Von Frauen für Frauen

Während kommunale Gleichstellungsbüros, wenn auch erkämpft durch Engagement ‚von unten’, strukturbezogene Aufgaben auf der Führungsebene der Kommunalverwaltung wahrnehmen und insofern (zumindest auch) top down agieren, repräsentieren Einrichtungen wie das Frauenzentrum Schleswig e.V. inhaltlich und institutionell noch ein Stück der autonomen Tradition der Frauenbewegung: dem Selbstverständnis nach feministisch geprägt, mit dem Ziel des empowerment von Frauen und einer nicht-hierarchischen Teamstruktur. Aber seit den Anfängen in den frauenbewegten Selbsthilfegruppen und der Notrufarbeit der 1970er Jahre hat sich auch Vieles verändert. Einige Stichworte und Zahlen spiegeln die Geschichte des Zentrums als eine der Ausweitung, Konsolidierung und vor allem zunehmender Professionalisierung: Seit 1979 ist das Frauenzentrum Schleswig als gemeinnütziger Verein eingetragen. Seit 1989 ist die Frauenberatungsstelle bei häuslicher und sexueller Gewalt in der Trägerschaft des Vereins, seit 1995 die Schwangerschaftskonfliktberatung und schließlich seit 2000 auch KIK Schleswig-Holstein, ein Kooperations- und Interventionskonzept für alle Institutionen und Einrichtungen, die mit häuslicher Gewalt befasst sind. Seit März 2000 unterstützt zudem ein Förderverein die Arbeit des Frauenzentrums, das finanziert wird aus Landes- und kommunalen Mitteln sowie aus Eigenmitteln des Vereins.

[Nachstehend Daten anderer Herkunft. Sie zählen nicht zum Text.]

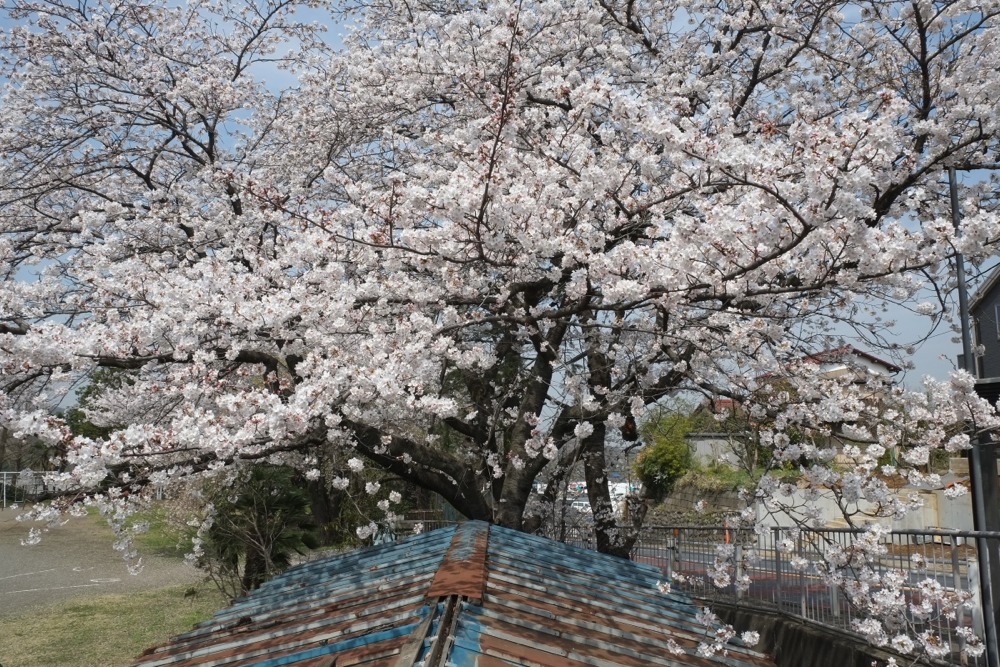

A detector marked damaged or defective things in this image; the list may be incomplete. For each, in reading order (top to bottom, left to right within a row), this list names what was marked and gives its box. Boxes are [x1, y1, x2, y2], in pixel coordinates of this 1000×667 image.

rusty metal roof panel [135, 520, 772, 667]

Das Team des Frauenzentrums besteht zurzeit aus drei Frauen, die ein sozialpädagogisches Studium absolviert und Zusatzqualifikationen im beraterischen und sozialtherapeutischen Bereich erworben haben, sowie einer Verwaltungskraft. Der Schwerpunkt der Arbeit liegt, was sich auch in der Verteilung der Stundenkontingente ausdrückt, im Feld von Frauenberatung bei sexualisierter Gewalt/Notruf/KiK, aber auch die Schwangerenkonfliktberatung nimmt breiten Raum ein. Dass das Frauenzentrum bei finanziellen Notlagen Gelder aus der Bundesstiftung „Mutter und Kind“ verteilen kann, gibt diesem Bereich zusätzliches Gewicht. In der Einschätzung von Monika S., die dem Zentrum am längsten angehört, ist es dieses Doppelprofil und die im Lauf der Zeit erworbene Professionalität, die zu der hohen Akzeptanz beigetragen hat, die das Frauenzentrum in Schleswig genießt. Hätte man früher bei der Thematisierung sexualisierter Gewalt schon mal gehört: „Sowat givt dat bi uns nich“, würde heute die Notwendigkeit ihrer Arbeit doch weitgehend eingesehen. Dieser Wandel, in dem sich Wirkungen feministischer Kritik niederschlagen, ist positiv, aber Monika S. und ihre Mitstreiterinnen beobachten auch Veränderungen der Rahmenbedingungen, die sich erschwerend auswirken. Da ist zum einen der demographische Wandel; die Mitglieder- und Altersstruktur des Vereins verschiebt sich. Mit wachsendem Alter schwinde nicht nur tendenziell die Bereitschaft zur aktiven Teilhabe, auch die biographisch frauenbewegten Impulse gingen dem Feld allmählich verloren. Dem entsprechen Veränderungen auf der Seite der Beratung suchenden Frauen, wie Isabel C. registriert: „Die Politisierung des persönlichen Leids ist zurückgegangen“, dies gelte vor allem für junge Frauen, die kein Bewusstsein von Benachteiligung mehr hätten. Damit würden sich auch die Anforderungen an Beratung verändern.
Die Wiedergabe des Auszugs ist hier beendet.